_Work item_:
In the entries that follow, repeat exactly the lines from the one that has "HACK PARA CSGO" through the one that has "Los Tilos Apartments", but omit pictures.

_Source material_:
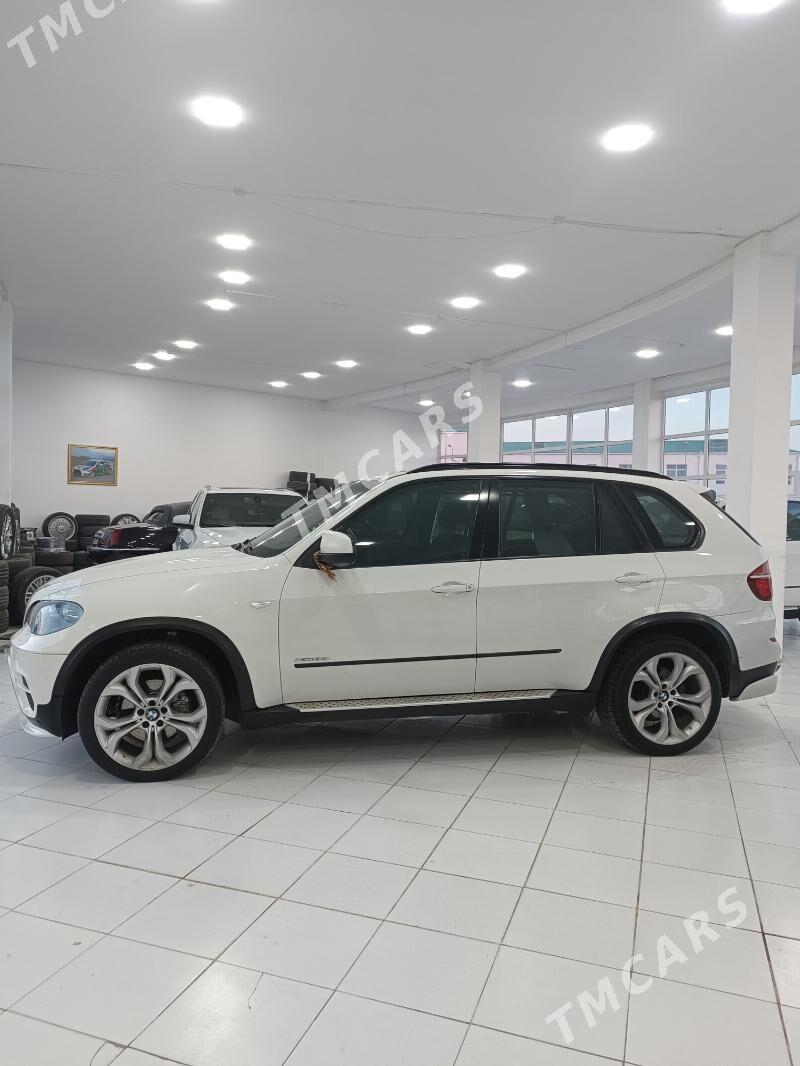 BMW X5 2012 - 400 000 TMT - Дашогуз - img 8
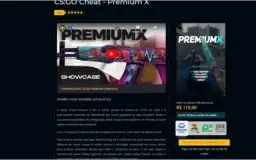 HACK PARA CSGO ( SUPREME CHEAT COMPLETO VITALICIO )
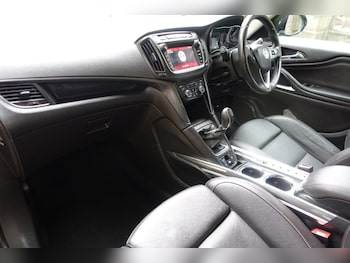 Used Vauxhall Zafira Tourer 2017 for sale - 75347604: Photo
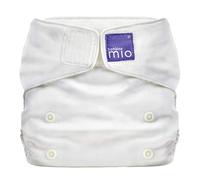 Bambino Mio, Miosolo Classic Pannolino Lavabile Tutto-In-Uno, Pannolino Ecologico Privo di Sostanze Nocive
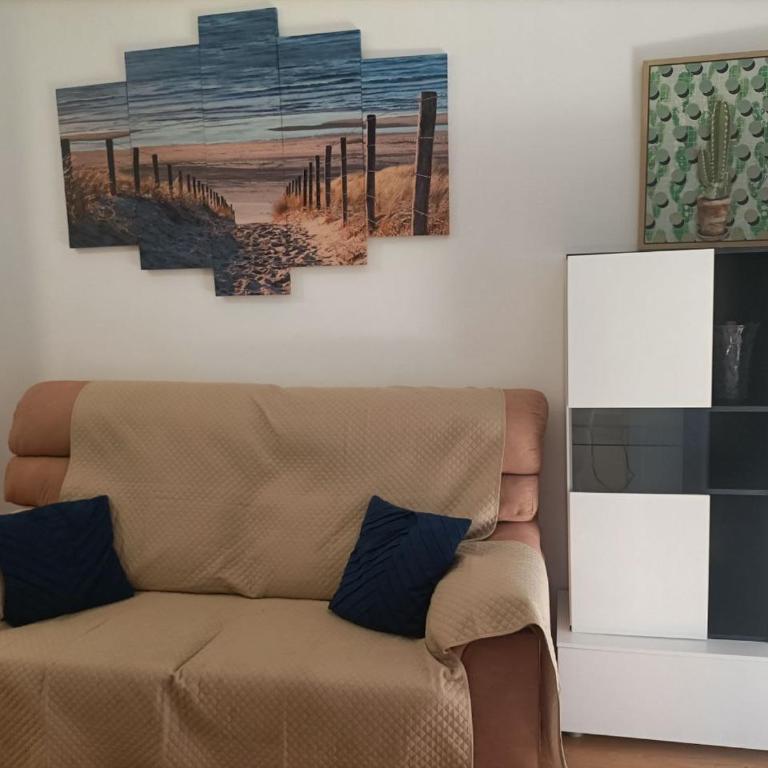 Los Tilos Apartments - Two-Bedroom Apartment - 5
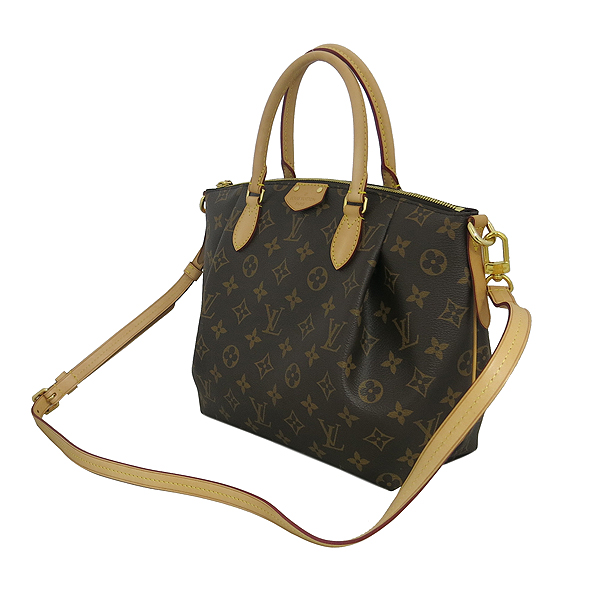 Louis Vuitton(���̺���) M48813 ���׷� ĵ���� Ƣ���� PM ��Ʈ�� + �����Ʈ�� [���빮��] �̹���3 - ���̺��� �߰���ǰ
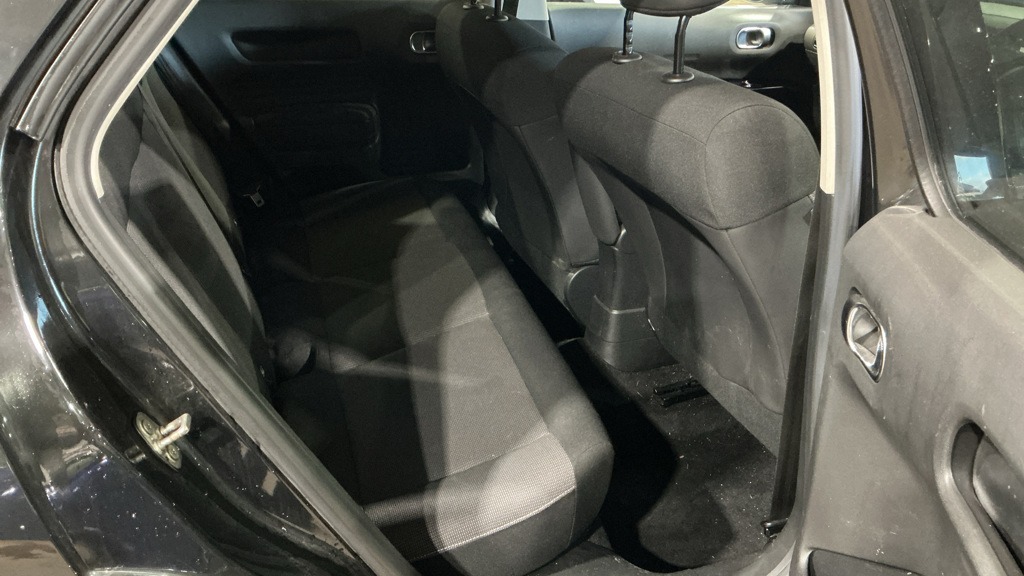 Used Citroen C4 Cactus 2015 for sale - 76567902: Photo 7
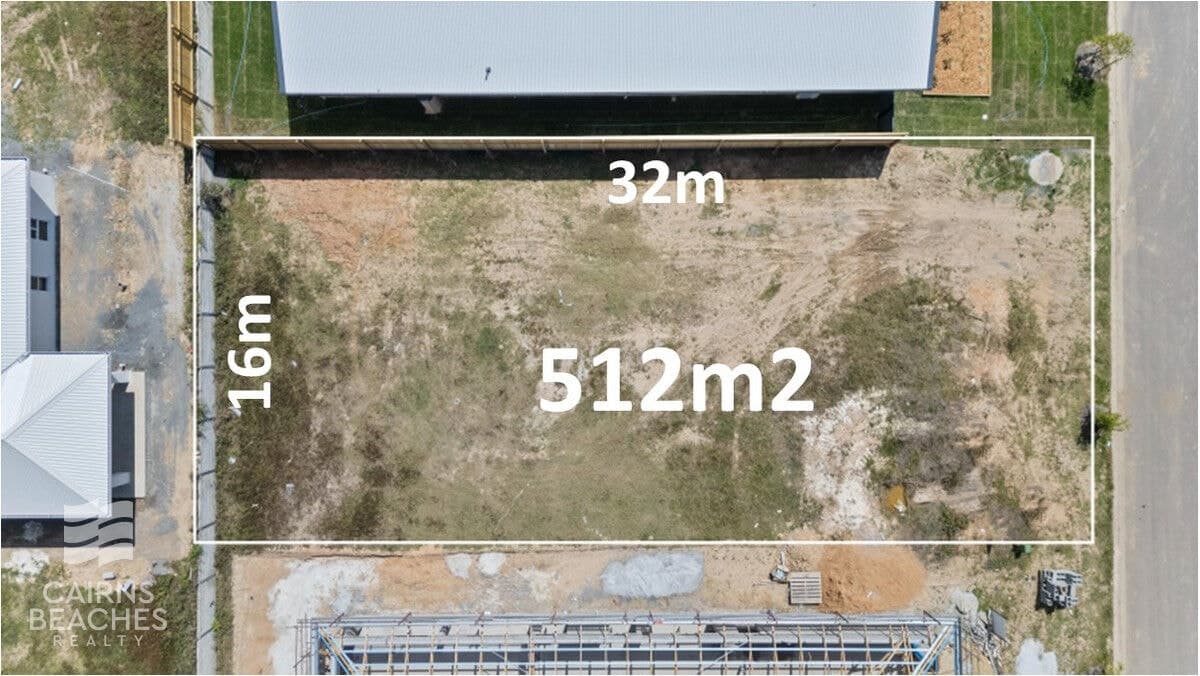 11 Sandbar Avenue, Kewarra Beach - Thumbnail 2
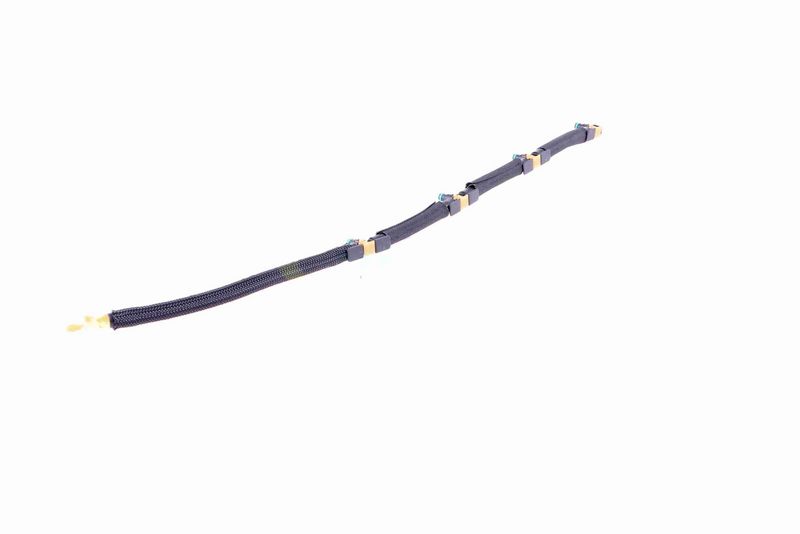 VAICO V10-5499 Hose, fuel overflow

_Exercise answer_:
 HACK PARA CSGO ( SUPREME CHEAT COMPLETO VITALICIO )
 Used Vauxhall Zafira Tourer 2017 for sale - 75347604: Photo
 Bambino Mio, Miosolo Classic Pannolino Lavabile Tutto-In-Uno, Pannolino Ecologico Privo di Sostanze Nocive
 Los Tilos Apartments - Two-Bedroom Apartment - 5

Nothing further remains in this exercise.